Here's the front of the Calxeda Moonshot board, which has four nodes on it:
The processor side of the Calxeda card for Moonshot
And here's the backside of the Calxeda card:
The Calxeda card has one memory slot per socket, just like the EnergyCards that Calxeda made
The memory slots were not yet welded onto this sample, but you can see where they will go. It is not clear how HP will make use of the integrated Fleet Services fabric that is woven across all of the Calxeda chips in a chassis across the backplane, but presumably, if you want to go all-Calxeda, you will not need to use the two integrated Layer 2 switches in the center of the chassis to link the nodes together. You will still need some way to link the Calxeda cards to the outside world, however, and it may be that some of the processing and switch capacity on a Calxeda card can be used to convert it into an uplink for other nodes. No one has been clear how this is going to work yet, and HP is not interested in getting specific until the nodes actually launch, perhaps later this year.
What we can remind you is that the Moonshot backplane has a 2D torus interconnect linking nodes together and can, if need be, ignore the networking on the Calxeda chips. Perhaps for such customers Calxeda will block off that integrated networking and drop prices for those who are just looking for ARM processing and will use HP's networking.
Also sighted at the ISC expo was a future Moonshot cartridge based on the KeyStone-II ARM processor from Texas Instruments, which El Reg caught wind of back in March.
Here's the business side* of the KeyStone-II card:
The CPU and DSP side of the KeyStone-II Moonshot cartridge
And here's the party side*:
The backside of the TI Moonshot card
There are four of the KeyStone-II chips on this Moonshot cartridge, which are each a hybrid of Cortex-A15 processors with TI's own digital signal processors etched onto the same die. The Cortex-A15 cores have 32-bit processing, but have 40-bit memory addressing (ARM calls this Large Physical Address Extensions). The KeyStone-II chip can have from one to four ARM cores activated, which run at 1.4GHz.

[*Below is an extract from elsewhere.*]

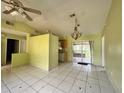 Dining area with tile flooring, vaulted ceiling, and access to sliding glass doors to the backyard at 132 Acapulco Dr, Kissimmee, FL 34743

There can be up to eight DSPs on the KeyStone-II chip, delivering around one teraflops of floating point performance at single precision and around 384 gigaflops at double-precision. Throw four of these on a card, and 45 of these in a chassis, and ten enclosures in a rack, and you can cram a lot of computing into a single Moonshot setup. Try 7,200 ARM cores in a rack back-ended by up to 14,400 DSPs with 1.8 petaflops at single precision per rack. I did the math three times on that because it didn't seem possible. If you want double precision, it drops down to 691 teraflops per rack.
The KeyStone-II chips have an integrated switch on the die as well, and a network accelerator that can run at 1Gb/sec and handle 1.5 million packets per second.
As we already explained, with the KeyStone-II design, TI can go after pure cloud infrastructure workloads – servers, switches, routers, network control planes, industrial sensors, and wireless transport devices – with ARM-only versions of the KeyStone II chips. It can activate some of the DSPs on the chip, charge a premium, and go after video, IP camera, traffic system, voice gateway, and medical device applications. And it can turn all eight DSPs on and chase supercomputing, video conferencing, image processing and analytics, medical imaging, and even virtual desktop infrastructure workloads.
It will be interesting to see how these various cards sell against each other. In a way, the Moonshot chassis will be a preview and a proxy for the next wave in the Server Processor War, a wave that will be going on in the data centers of the world for years to come. ®
* Bootnote
Yes, that was an oblique reference to a mullet.